The expression of immune markers and T-cell subsets can help predict outcomes of sentinel lymph node–positive melanoma patients, according to a new study.

The expression of immune markers and T-cell subsets can help predict outcomes of sentinel lymph node (SLN)-positive melanoma patients, according to a new study presented at the Society for Melanoma Research 2015 International Congress, held November 18–21 in San Francisco.

SLN biopsy in melanoma patients is a highly accurate staging method and an important prognostic factor that requires a team approach, including nuclear medicine physicians, surgeons, and pathologists, said Hojabr Kakavand, a PhD candidate at the Melanoma Institute Australia, New South Wales, Australia. He noted that melanoma patients with SLN metastases have variable 5-year survival rates.

Programmed death-1 (PD-1) and programmed death ligand-1 (PD-L1) inhibitors have significantly improved clinical outcomes in unresectable metastatic melanoma, and are now being tested in the adjuvant setting in advanced-stage disease. However, the administration of adjuvant PD-1 or PD-L1 inhibitors in early-stage metastatic melanoma remains unclear, he said.

Tumor infiltrating lymphocytes (TILs) have been shown to have prognostic significance in primary melanoma and in melanoma metastases. The Cancer Genome Atlas Network recently found a large cohort demonstrating TIL grade is significantly associated with prognosis.

Kakavand and colleagues set out to characterize the infiltrate of immune cells into SLN melanoma metastases, determine tumor PD-L1 expression, and correlate melanoma features and immune cell subsets to outcome measures.

They analyzed SLNs containing metastatic melanoma from 60 treatment-naive patients, looking specifically for PD-1 (differentiation marker), PD-L1 (inhibitory ligand), CD3 (lymphocyte marker), CD4 (helper T cells), CD8 (cytotoxic T cells), and FOXP3 (regulatory T cells). These results were correlated with clinical and pathologic features and outcomes.

Tumoral PD-1 expression was present in 26 patients, but did not correlate with outcome. However, the researchers observed positive correlations between the number of CD3-positive, CD-4 positive, and CD8-positive TILs and recurrence-free and overall survival.

There was a negative correlation between the number of peritumoral PD-1–positive lymphocytes and recurrence-free and overall survival.

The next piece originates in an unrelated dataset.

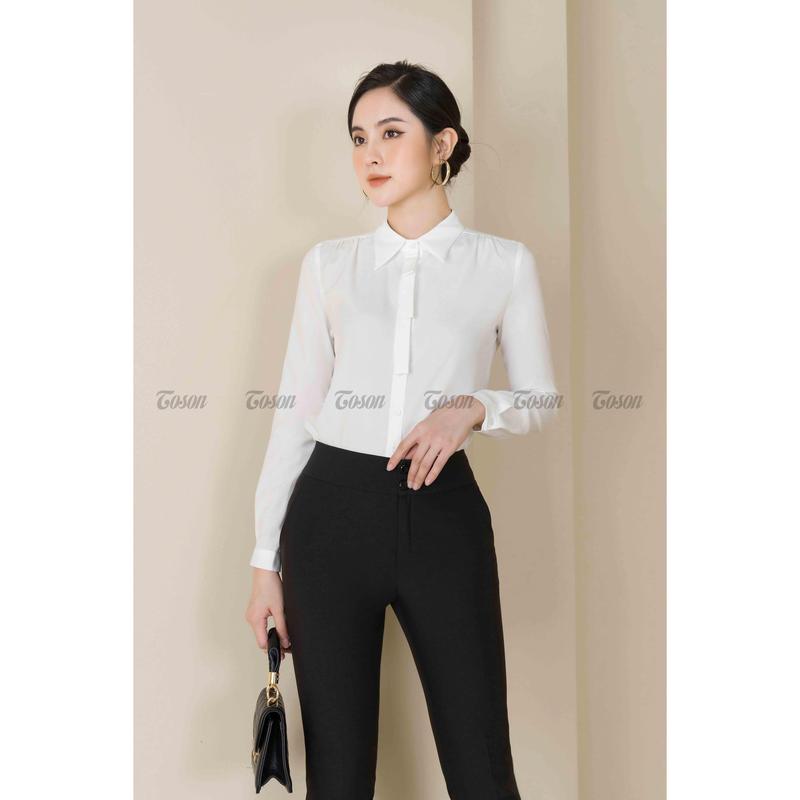 Áo sơ mi thô đũi trắng cổ đức dài tay, nẹp xếp nơ 12330W01 Toson 1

Based on these results, he said “expression of PD-L1 in SLN melanoma metastases provides a rationale for anti–PD-1 or anti–PD-L1 therapy in stage IIIA melanoma patients, particularly those with peritumoral PD-1–positive lymphocytes.”

In conclusion, Kakavand said: “This is the first study to demonstrate the prognostic significance of TILs in SLN metastases. High CD3-positive TILS, as well as CD4-positive and CD8-positive cells, are prognostic markers for longer recurrence-free and overall survival. High peritumoral PD-1–positive lymphocytes are a prognostic marker for shorter recurrence-free and overall survival. Tumor PD-L1 expression did not correlate with survival in this cohort.”

He believes these markers could provide information for the selection of patients to adjuvant checkpoint inhibitor clinical trials.

“We would like to combine as much information as possible about markers to provide useful tools for clinicians,” said Kakavand, in an interview. “These markers are available in routine pathological use. A pathologist looks at TILs and is able to provide important information on whether a patient will respond or not to CTLA and PD-L1 inhibitors. If the patient has no TILs, the patient will likely have no response to TIL therapy. The assessment of TILs is a useful tool in primary melanoma.”